Dentro do modelo que preconizamos, tomando o cumprimento do dever legal como
causa de atipicidade, e, portanto, como um problema de normatividade e não de
juridicidade, todas as colisões de deveres imagináveis são falsas ou aparentes.
No campo da realidade, dois deveres podem concretamente antagonizar-se ao ponto
de que nenhum deles estaria cumprido sem a violação do outro; mas no campo
normativo um dever sempre limita a outro ou deve ser preterido a outro. Toca ao
direito decidir qual é o dever que prevalece, resolvendo conflitos ou colisões
– tal como as normas proibitivas – através da precedência ou prevalência.
Geralmente aqueles conflitos são resolvidos em favor de um dever prevalente e a
doutrina se inclina a considerar que configuram causas de justificação, embora
no caso de bens equivalentes, particularmente se referidos à vida humana,
tenda-se a excluir apenas a culpabilidade. Esta última explicação é
insuficiente, porque não logra explicar como pode o direito consagrar como
dever jurídico a prática de um injusto, já que qualquer das duas condutas
configuraria um injusto”. [6]
E prosseguem:
“A consideração do dever jurídico como causa de atipicidade, em
decorrência de que sempre há uma norma proibitiva que prevalece e de que os
preceitos permissivos ou de justificação não são aqui pertinentes, soluciona
superiormente tais casos pela exclusão da tipicidade, por estarem diretamente excluídos
da norma proibitiva”. [7]
É visível, enfim, que somente essa solução permite que, ao menos no
campo teórico, o instituto da infiltração não se configure como uma absoluta
inviabilidade e incoerência interna do próprio sistema penal e processual penal,
sem falar no mais relevante que é a constitucionalidade.
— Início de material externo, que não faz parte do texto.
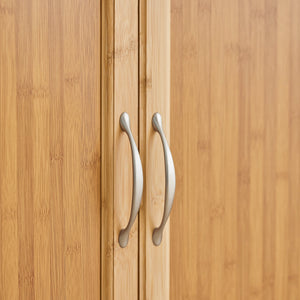 Carrello Cucina,Credenza Cucina,Mobile Cucina Con Route,Legno FKW13-N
Afinal, como pode ser
admissível que, num Estado Democrático de Direito, se afirme que um agente
estatal é autorizado a atuar praticando um “injusto penal”, por mandado estatal
e legal, não sendo punido apenas porque, embora seja um criminoso, age
acobertado por uma mera excludente de culpabilidade? Então, num Estado
Democrático de Direito seria admissível que um agente estatal, e por meio dele
o próprio Estado, se convolasse num Leviatã do crime, mimetizando os
criminosos, atuando exatamente como eles e sendo isso descaradamente declarado
e admitido pela letra da lei e pela interpretação dada por seus cultores. A
admissão das ações do agente infiltrado na forma de atipicidade conglobante não
é livre de críticas sob o ponto de vista moral da atuação estatal, mas, ao
menos juridicamente, é uma explicação mais plausível ou, talvez, um véu sutil
para ocultar sua inviabilidade prática afora a poiética. [8] A reflexão final é a
seguinte: será que precisamos escolher dos males o menor? Não seria melhor nem
haver tocado nesse assunto da infiltração? Não estaria, na realidade, o mal se
infiltrando (ou inundando) na própria sociedade por meio de institutos
semelhantes? Ficam essas questões.
REFERÊNCIAS
GOMÁ, Javier. Ejemplaridad Pública. Madrid: Taurus, 2009.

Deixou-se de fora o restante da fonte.